The purity of Dr. Northrop’s isolate was such that its enzymatic activity was five times that of the best commercial pepsin. He estimated that a single ounce of his crystalline pepsin could digest one and a half tons of boiled eggs, clot 600,000 gallons of milk or liquefy 10,000 gallons of gelatin in just two hours. In collaboration with Moses Kunitz, Dr. Northrop then turned his focus to several other enzymes, including trypsin, an enzyme secreted by the small intestine, and chymotrypsin, a proteolytic enzyme of the pancreas.
Drs. Northrop and Kunitz’s extensive work in crystallization facilitated several other important discoveries. They elucidated the processes by which many enzymes are activated. They answered the long-held question of why enzymes don’t break down the bodily tissues that house them (enzymes cannot pass through the surface membranes of living cells). The crystallization of carboxypeptidase, a pancreatic enzyme, is now even used by scientists who study protein structure.
In the 1930s, Dr. Northrop shifted his research focus to bacteriophages — biological agents that infect bacteria — and in 1936 he was able to classify them as viruses when he discovered that they contain ribonucleic acid, just like the tobacco mosaic virus crystallized the previous year by Rockefeller colleague Wendell M. Stanley and whose RNA structure had since been demonstrated by Cambridge University researchers. He also demonstrated that a virus has the power to both transform genetic information in a cell and transfer that information from one cell to another.
During World War II, Dr. Northrop used his knowledge of trypsin to isolate the antitoxin of diphtheria, a bacterial respiratory illness that was pandemic in prisoner-of-war camps. It was the first antitoxin ever purified to that degree, and he and colleagues later used the same method to crystallize antipneumococcus antibody.
Today, many researchers owe their paths of inquiry directly to Dr. Northrop’s work with enzymes. The successful crystallization of enzymes eventually allowed their structures to be solved by x-ray crystallography, thus beginning, several decades after his discovery, the modern field of structural biology. Dr. Northrop shared the 1946 Nobel Prize with Dr. Stanley and Cornell University’s James B. Sumner.

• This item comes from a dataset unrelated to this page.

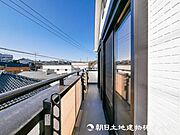 【バルコニー】外干しの風通しのよさにより消臭効果も期待できます（※同社施工例）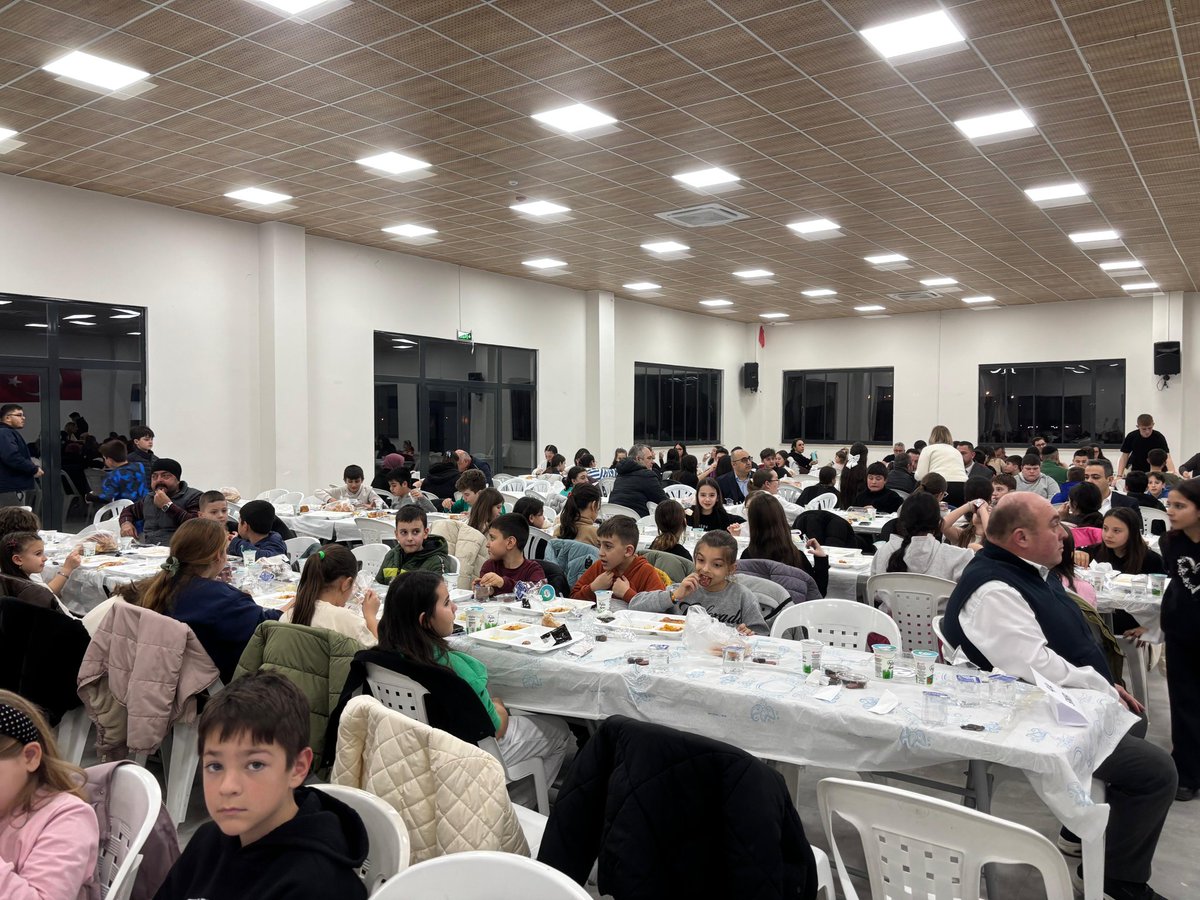YtongTurk's tweet photo. Okulumuz bünyesinde iftar yemeği programı düzenledik. Başta kaymakamımız sayın Refik ÖZSOY olmak üzere bütün daire amirleri katıldı. Ramazan'ın birlik beraberlik ve paylaşma ruhunu yansıtan geceye katkı sunan herkese teşekkür ederiz. #MaarifinKalbindeRamazan https://t.co/ssu1EiYB1U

Born in Yonkers, New York, in 1891, Dr. Northrop received three degrees from Columbia University, including his Ph.D. in chemistry in 1915. He was then appointed W.B. Cutting Traveling Fellow and joined the Rockefeller Institute laboratory of Jacques Loeb, becoming a research associate of the institute in 1917, associate member in 1920 and member in 1924. During World War I, he served as a captain in the United States Chemical Warfare Service. After the closing of the Princeton, New Jersey, laboratories of the Rockefeller Institute, he accepted in 1949 a position as professor of bacteriology at the University of California, Berkeley, where he later became professor of biophysics. Dr. Northrop was editor of The Journal of General Physiology, published by The Rockefeller University Press, for several years, and was the author of Crystalline Enzymes, published in 1939. In addition to the Nobel Prize, he received an Alexander Hamilton Medal in 1961, a Daniel Giraud Elliot Medal in 1939 and a Chandler Medal in 1936. Dr. Northrop died in 1987.